La carta y los zapatos

Hay una cuestión antropológica en la infancia, común a todas las culturas antes del desarrollo de las religiones y el imperio de la razón.

Todo ello explica, en parte, algo de esa condición humana que se impuso como rectora de la naturaleza.

Así surgieron los mitos, las leyendas y el pensamiento mágico como recursos capaces de imprimirle categorías al mundo para organizarlo.

Más tarde, la tradición cristiana dejó su huella en occidente, siendo referencia de distintos episodios que trascendieron hasta el día de hoy: la medida del tiempo se rige en antes y después de Cristo, la Navidad se celebra como un evento festivo que aglutina comidas especiales, encuentros familiares, decoración con luces de colores y regalos a los pies de un árbol con forma de pino.

En épocas de vacilaciones, vacíos existenciales (lo que los filósofos llaman nihilismo), la contradicción es asistir a las reivindicaciones que tiene el cristianismo en momentos gobernados por la tecnociencia; salvo que ahora Dios sea sinónimo de capitalismo, cuya máxima plegaria es el consumo.

De todos modos, la infancia permanece ajena a estos trajines.

En la edad de la inocencia, niños y niñas tienen más sabiduría que muchos ignorantes empeñados en aguar las fiestas.

Cada 6 de enero es una madrugada efímera que lleva consigo la mística escritura de una carta, la ofrenda de calzados y, quizás, el agua y el pasto para los camellos.

Dicen que los Reyes Magos vienen, pasan y se van, como varias de aquellas ilusiones que suceden una vez que se da simbólica muerte a la infancia, porque hay adultos que siguen escribiendo plegarias a modo de deseos en cualquier pared abandonada, caminando descalzos mientras en un espejismo creen ver a ellos tres asomándose en el horizonte.
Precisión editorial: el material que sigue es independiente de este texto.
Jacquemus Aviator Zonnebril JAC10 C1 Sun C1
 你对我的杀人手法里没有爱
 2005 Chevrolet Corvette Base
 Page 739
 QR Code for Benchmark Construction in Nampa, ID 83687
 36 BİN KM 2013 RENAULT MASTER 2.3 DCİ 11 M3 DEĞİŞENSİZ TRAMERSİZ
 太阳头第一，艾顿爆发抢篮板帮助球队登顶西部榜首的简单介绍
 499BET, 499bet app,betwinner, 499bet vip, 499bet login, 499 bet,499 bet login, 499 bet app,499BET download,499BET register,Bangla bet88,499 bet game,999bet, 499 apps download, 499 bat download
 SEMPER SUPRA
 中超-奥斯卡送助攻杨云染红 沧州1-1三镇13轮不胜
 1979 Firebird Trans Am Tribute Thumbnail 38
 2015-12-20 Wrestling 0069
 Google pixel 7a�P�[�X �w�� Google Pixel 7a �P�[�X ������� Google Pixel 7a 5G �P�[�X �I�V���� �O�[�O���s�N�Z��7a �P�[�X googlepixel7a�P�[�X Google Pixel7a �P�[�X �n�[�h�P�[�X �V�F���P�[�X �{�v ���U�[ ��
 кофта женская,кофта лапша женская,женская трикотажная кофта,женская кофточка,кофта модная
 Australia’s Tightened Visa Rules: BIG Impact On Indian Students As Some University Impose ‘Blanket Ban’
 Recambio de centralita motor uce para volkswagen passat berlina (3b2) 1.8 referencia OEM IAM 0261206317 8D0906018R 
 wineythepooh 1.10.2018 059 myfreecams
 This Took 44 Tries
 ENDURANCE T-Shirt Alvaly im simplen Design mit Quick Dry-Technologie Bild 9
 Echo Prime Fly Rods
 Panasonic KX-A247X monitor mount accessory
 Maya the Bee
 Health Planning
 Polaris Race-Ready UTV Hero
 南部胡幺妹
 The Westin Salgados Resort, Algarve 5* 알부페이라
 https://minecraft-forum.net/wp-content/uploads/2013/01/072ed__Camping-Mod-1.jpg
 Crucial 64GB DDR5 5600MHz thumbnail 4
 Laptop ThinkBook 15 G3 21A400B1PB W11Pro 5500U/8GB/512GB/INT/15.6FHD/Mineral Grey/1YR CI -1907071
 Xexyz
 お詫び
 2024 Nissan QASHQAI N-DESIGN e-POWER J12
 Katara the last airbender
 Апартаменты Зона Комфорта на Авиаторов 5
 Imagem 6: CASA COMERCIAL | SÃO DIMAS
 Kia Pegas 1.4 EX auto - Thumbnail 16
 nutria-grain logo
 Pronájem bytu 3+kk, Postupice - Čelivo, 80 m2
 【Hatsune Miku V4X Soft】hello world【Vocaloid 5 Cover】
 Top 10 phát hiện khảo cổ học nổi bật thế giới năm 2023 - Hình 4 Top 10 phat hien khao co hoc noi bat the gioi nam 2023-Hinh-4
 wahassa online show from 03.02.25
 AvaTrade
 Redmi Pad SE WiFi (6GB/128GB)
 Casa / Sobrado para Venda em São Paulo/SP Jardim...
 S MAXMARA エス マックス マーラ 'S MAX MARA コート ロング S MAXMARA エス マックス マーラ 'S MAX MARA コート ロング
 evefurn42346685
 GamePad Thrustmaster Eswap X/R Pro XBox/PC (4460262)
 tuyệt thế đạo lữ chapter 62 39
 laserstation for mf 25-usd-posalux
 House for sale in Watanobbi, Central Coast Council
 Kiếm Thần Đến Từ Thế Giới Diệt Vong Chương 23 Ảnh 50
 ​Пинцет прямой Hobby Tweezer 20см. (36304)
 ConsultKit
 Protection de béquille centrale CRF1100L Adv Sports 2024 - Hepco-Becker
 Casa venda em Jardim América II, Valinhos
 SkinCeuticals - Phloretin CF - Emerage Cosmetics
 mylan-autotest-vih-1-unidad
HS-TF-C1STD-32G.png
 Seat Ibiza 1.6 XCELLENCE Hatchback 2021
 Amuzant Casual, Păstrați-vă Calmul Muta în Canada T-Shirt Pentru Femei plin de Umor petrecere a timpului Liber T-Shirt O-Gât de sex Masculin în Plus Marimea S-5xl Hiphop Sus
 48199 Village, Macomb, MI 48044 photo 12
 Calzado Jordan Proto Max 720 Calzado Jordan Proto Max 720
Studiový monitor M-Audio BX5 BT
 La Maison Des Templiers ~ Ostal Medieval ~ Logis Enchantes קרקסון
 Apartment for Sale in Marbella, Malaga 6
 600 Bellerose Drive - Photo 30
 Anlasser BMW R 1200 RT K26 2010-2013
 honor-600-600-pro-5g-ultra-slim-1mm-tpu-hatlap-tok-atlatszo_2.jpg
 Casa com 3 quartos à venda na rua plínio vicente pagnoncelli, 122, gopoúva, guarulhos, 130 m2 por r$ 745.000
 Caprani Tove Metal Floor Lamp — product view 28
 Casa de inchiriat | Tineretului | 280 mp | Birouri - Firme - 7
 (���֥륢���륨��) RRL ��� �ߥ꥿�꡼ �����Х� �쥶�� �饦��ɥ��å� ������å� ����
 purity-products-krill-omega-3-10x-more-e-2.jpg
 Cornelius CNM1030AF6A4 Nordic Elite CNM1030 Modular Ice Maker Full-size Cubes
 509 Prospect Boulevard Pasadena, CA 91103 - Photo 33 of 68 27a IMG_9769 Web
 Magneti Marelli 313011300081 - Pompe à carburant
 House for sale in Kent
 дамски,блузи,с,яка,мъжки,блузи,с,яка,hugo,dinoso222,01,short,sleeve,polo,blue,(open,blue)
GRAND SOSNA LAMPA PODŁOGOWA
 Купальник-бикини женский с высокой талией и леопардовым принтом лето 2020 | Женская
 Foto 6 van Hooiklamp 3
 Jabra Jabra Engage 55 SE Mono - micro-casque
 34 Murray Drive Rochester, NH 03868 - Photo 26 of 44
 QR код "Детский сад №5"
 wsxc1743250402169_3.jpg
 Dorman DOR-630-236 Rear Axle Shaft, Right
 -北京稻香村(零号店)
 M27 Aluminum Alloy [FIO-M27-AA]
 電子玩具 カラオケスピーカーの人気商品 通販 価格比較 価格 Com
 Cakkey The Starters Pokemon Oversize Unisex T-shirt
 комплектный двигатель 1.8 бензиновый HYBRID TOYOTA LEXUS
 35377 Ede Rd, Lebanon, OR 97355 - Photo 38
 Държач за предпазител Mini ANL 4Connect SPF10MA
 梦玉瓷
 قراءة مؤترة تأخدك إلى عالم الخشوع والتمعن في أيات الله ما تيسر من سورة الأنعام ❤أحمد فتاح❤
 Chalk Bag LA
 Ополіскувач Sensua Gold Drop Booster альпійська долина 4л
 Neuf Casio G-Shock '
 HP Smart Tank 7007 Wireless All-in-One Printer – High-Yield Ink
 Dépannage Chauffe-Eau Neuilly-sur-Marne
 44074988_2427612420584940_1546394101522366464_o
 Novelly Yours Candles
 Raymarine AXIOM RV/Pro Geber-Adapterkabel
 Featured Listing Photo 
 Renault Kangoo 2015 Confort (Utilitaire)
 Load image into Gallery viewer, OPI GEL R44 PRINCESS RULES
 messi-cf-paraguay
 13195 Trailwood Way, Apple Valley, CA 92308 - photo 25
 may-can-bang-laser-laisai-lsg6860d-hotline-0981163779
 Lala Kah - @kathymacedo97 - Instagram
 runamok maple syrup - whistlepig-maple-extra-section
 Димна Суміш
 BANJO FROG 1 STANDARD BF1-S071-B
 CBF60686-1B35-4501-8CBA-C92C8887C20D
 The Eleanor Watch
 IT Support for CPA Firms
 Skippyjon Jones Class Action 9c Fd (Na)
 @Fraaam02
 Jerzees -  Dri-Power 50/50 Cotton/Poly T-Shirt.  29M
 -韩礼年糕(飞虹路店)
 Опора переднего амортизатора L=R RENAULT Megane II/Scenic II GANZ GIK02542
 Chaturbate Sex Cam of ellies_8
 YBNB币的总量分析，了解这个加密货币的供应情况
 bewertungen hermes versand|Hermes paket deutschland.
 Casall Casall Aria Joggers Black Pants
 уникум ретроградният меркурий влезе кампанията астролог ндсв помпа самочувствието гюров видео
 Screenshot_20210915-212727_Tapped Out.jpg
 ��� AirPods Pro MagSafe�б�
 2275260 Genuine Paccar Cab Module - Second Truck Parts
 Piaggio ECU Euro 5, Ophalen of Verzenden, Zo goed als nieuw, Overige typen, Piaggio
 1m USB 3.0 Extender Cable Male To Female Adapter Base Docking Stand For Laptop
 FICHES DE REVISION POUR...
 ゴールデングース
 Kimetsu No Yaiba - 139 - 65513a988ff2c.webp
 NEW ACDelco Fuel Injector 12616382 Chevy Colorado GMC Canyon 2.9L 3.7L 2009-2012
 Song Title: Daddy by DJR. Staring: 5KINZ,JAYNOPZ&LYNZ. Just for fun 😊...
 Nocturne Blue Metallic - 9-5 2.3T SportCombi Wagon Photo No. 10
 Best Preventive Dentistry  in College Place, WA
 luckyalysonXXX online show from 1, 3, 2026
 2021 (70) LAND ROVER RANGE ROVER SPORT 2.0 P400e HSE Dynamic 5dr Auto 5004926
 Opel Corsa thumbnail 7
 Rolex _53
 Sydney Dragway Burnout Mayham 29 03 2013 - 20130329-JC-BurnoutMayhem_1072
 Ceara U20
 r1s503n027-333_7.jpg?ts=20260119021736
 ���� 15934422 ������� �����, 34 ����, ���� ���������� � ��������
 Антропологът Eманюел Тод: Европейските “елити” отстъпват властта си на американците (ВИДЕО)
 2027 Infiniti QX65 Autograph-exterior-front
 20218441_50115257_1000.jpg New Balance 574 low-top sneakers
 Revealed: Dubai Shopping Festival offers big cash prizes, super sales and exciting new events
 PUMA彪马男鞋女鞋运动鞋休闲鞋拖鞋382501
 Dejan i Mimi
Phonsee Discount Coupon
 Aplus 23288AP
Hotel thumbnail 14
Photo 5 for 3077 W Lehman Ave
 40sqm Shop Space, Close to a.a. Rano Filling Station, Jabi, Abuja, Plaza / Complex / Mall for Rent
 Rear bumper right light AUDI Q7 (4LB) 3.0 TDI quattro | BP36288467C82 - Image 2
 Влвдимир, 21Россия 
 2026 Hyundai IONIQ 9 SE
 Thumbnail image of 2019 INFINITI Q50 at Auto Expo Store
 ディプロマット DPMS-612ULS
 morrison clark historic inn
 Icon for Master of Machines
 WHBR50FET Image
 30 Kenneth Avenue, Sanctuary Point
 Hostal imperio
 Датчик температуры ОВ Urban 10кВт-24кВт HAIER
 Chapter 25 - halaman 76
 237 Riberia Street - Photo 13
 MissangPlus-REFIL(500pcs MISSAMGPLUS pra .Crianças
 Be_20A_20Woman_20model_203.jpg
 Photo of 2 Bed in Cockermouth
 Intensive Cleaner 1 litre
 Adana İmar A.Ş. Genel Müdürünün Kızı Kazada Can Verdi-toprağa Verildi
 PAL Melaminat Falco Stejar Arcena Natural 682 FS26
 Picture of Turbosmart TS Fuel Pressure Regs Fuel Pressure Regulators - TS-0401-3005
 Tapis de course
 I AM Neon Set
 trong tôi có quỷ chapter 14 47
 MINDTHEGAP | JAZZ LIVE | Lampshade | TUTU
Si hacen escala en el propio hogar y dejan sus obsequios, misión cumplida.

De lo contrario, las leyes de la meritocracia dirán que todavía cada cual deberá hacer mayores esfuerzos y portarse mejor, confirmando así que el universo mismo sigue siendo tan perverso como injusto, pero susceptible de ser salvado por la fuerza pujante de una infancia en movimiento.